#### PROBLEM STATEMENT
Every line of the data below is to be duplicated exactly, pictures excepted.

%%

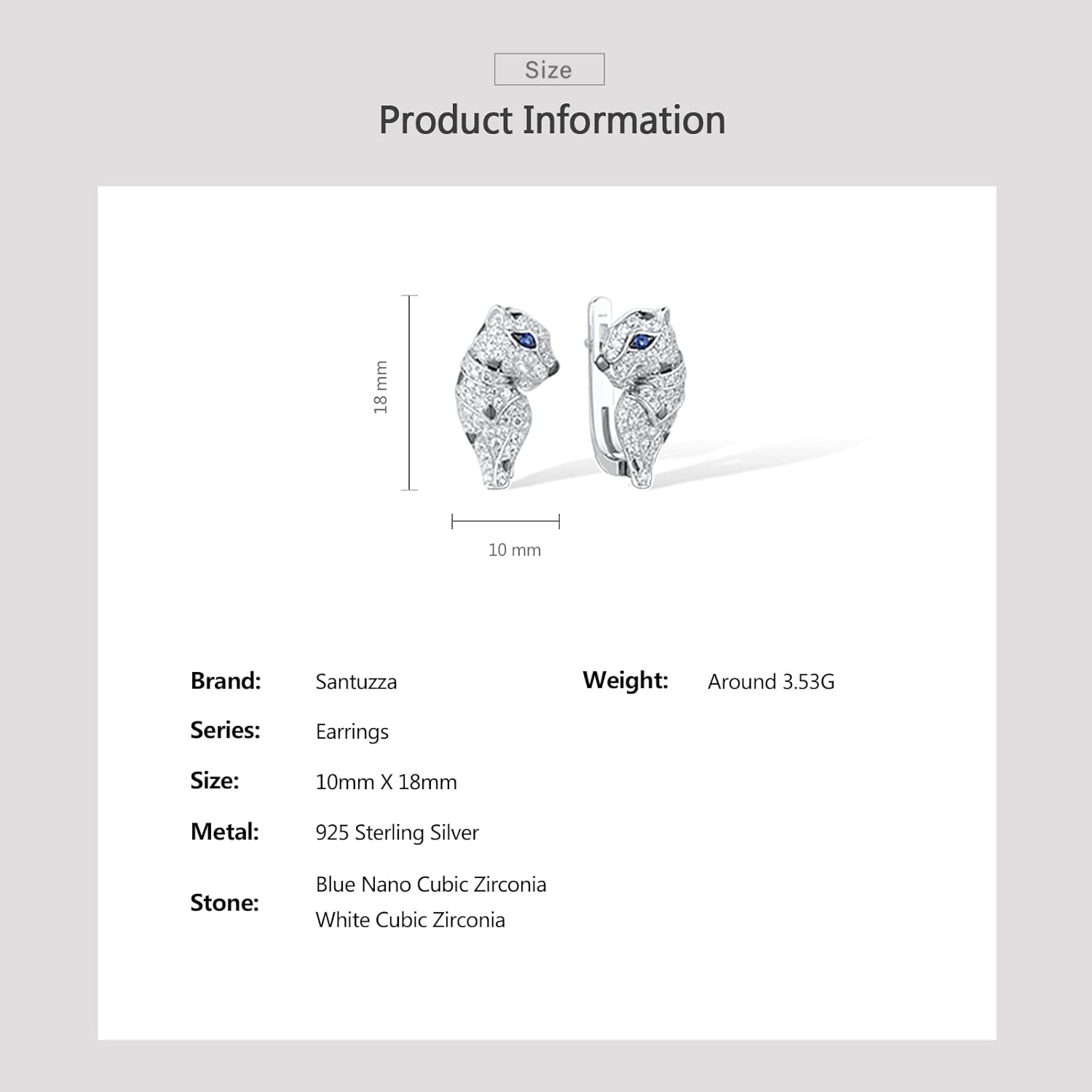 Santuzza 925 Sterling Silver Animal Drop Earrings Cubic Zirconia Spinel Delicate Dangle Earring - Image 6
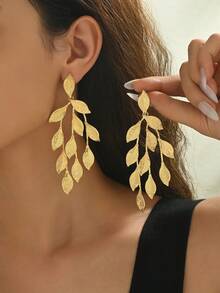 1 par de pendientes colgantes con hoja de textura exagerada y con efecto vintage, pendientes de hoja de metal con textura adecuados para uso diario, vacaciones y fiestas de mujeres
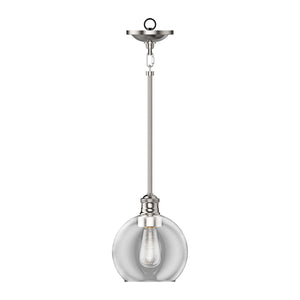 1-Light Clear Glass Pendant Lighting Fixture with Brushed Nickel Finish, E26 Base, UL Listed for Damp Location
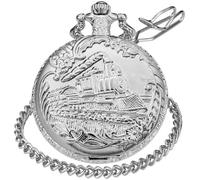 Tiong Full Silver Right Locomotive Quartz Men's Pocket Watch, Arabic Numeral White Dial Pocket Watch with Chain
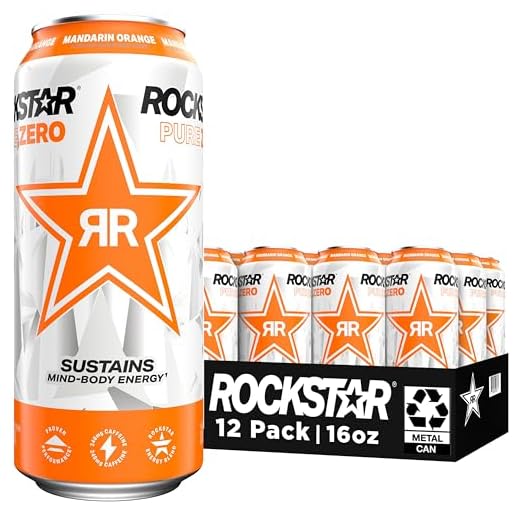 Rockstar Pure Zero Energy Drink, Orange, 0 Sugar, with Caffeine and Taurine, 16oz Cans (12 Pack) (Packaging May Vary)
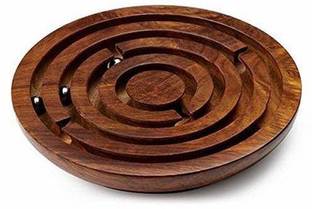 ARTANDCRAFTINDIA 4" inch Wooden Puzzle Ball in a Maze Labyrinth Brain Teaser Fun Board Game for Kids Board Game Accessories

%%

#### PROBLEM SOLUTION
 Santuzza 925 Sterling Silver Animal Drop Earrings Cubic Zirconia Spinel Delicate Dangle Earring - Image 6
 1 par de pendientes colgantes con hoja de textura exagerada y con efecto vintage, pendientes de hoja de metal con textura adecuados para uso diario, vacaciones y fiestas de mujeres
 1-Light Clear Glass Pendant Lighting Fixture with Brushed Nickel Finish, E26 Base, UL Listed for Damp Location
 Tiong Full Silver Right Locomotive Quartz Men's Pocket Watch, Arabic Numeral White Dial Pocket Watch with Chain
 Rockstar Pure Zero Energy Drink, Orange, 0 Sugar, with Caffeine and Taurine, 16oz Cans (12 Pack) (Packaging May Vary)
 ARTANDCRAFTINDIA 4" inch Wooden Puzzle Ball in a Maze Labyrinth Brain Teaser Fun Board Game for Kids Board Game Accessories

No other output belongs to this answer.